** Data shown **
....................

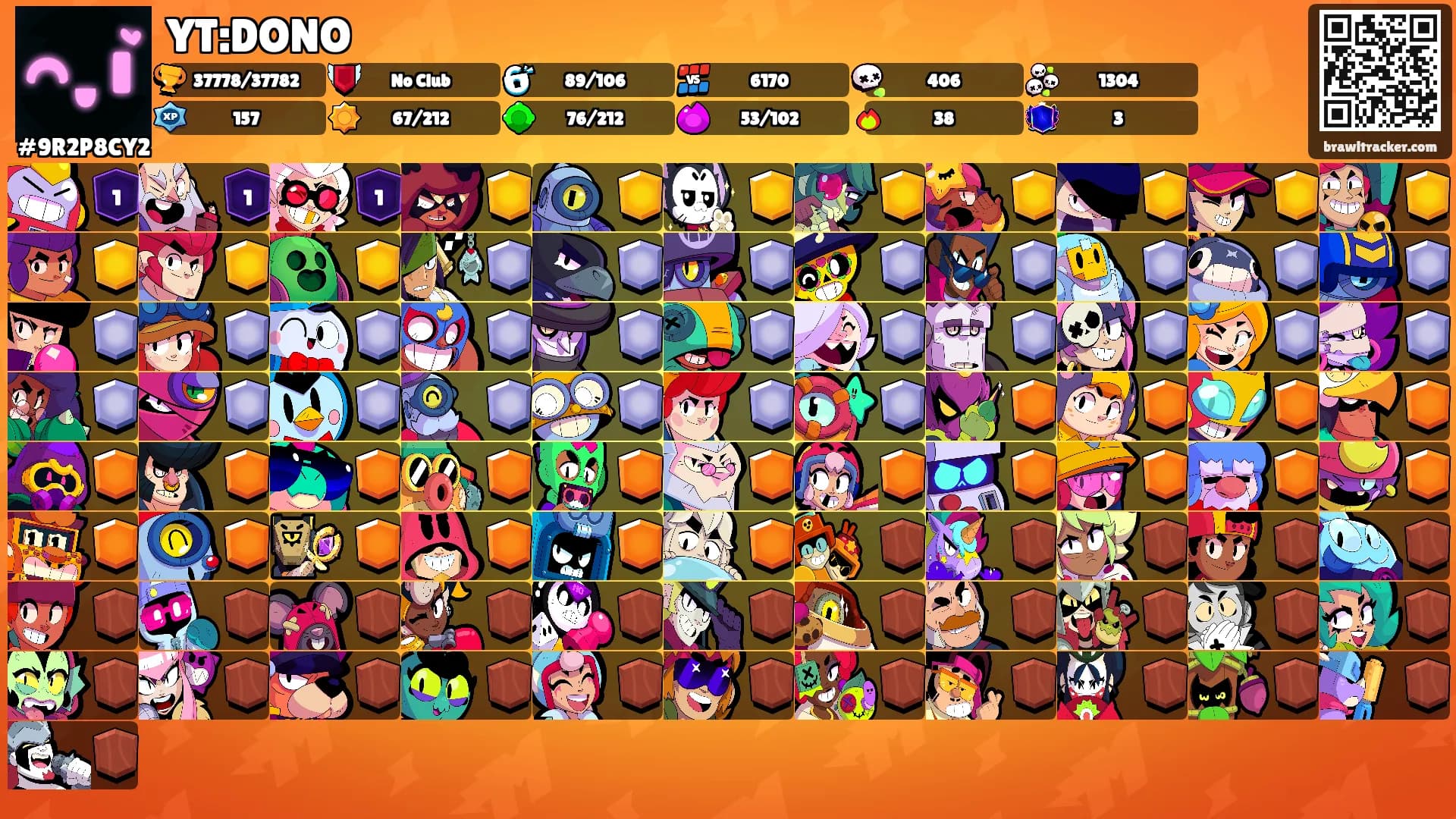 YT:DONO's Ranks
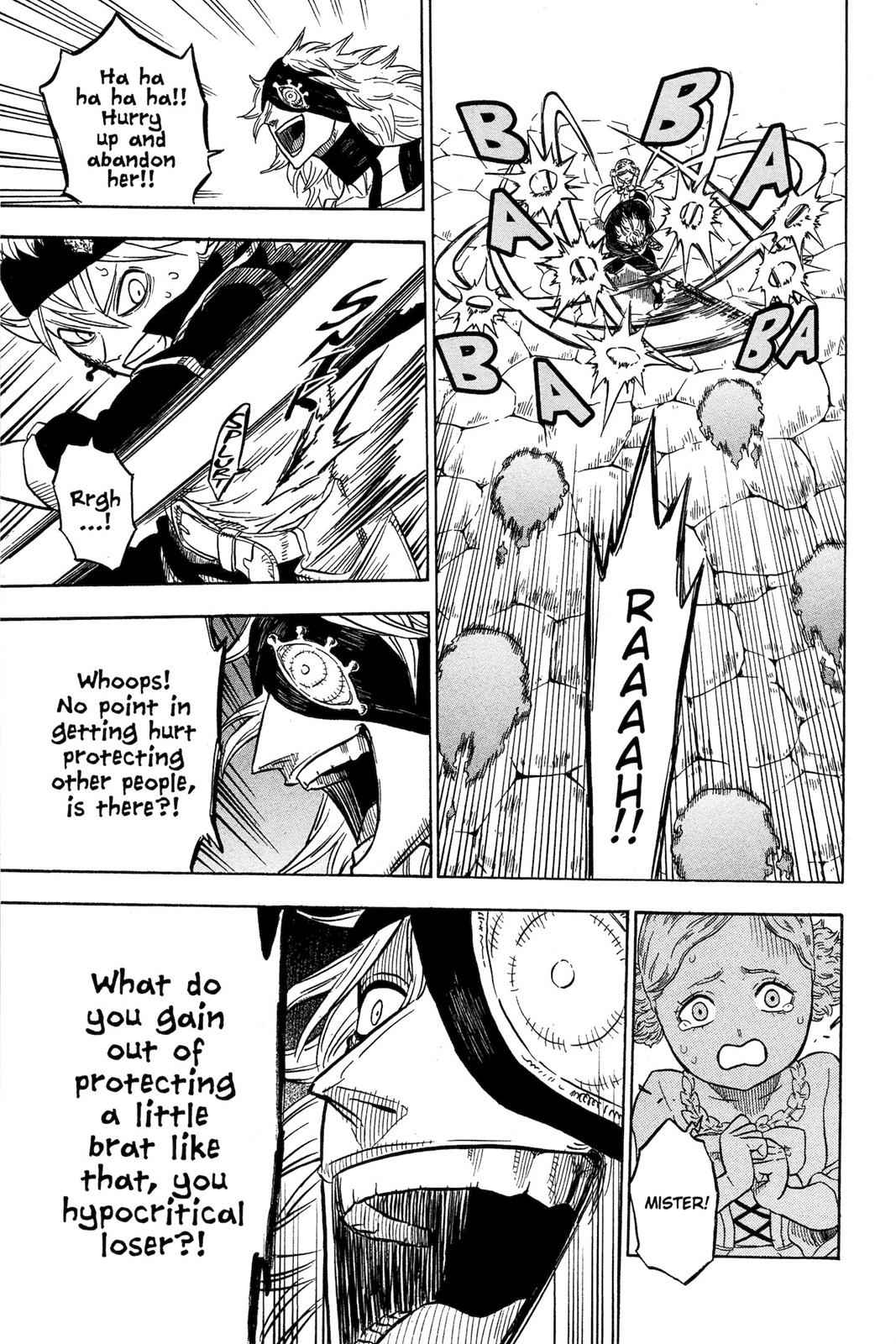 Black Clover Chap 27 - Next Chap 28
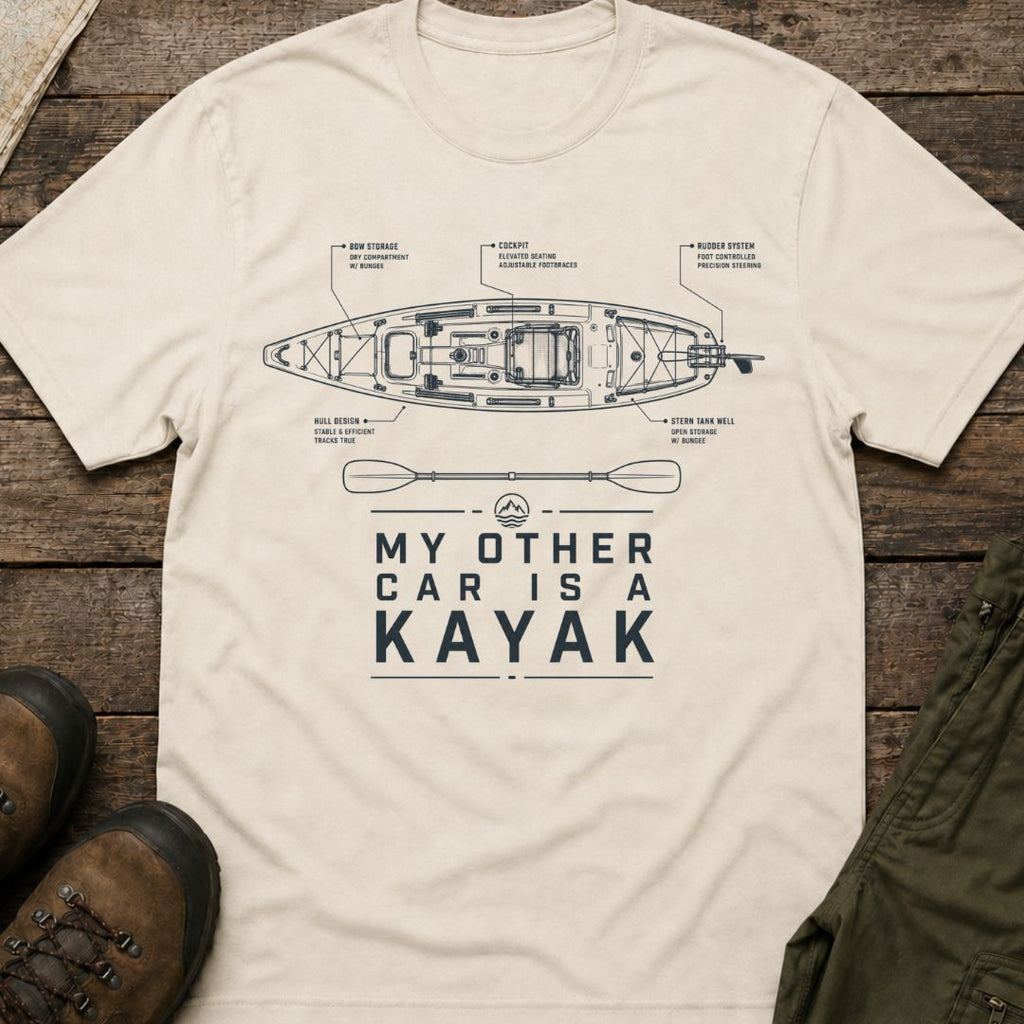 My Other Car Is A Kayak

....................

** Work order **
Write out every line above again exactly, with the pictures left out.

** Answer to this exercise **
 YT:DONO's Ranks
 Black Clover Chap 27 - Next Chap 28
 My Other Car Is A Kayak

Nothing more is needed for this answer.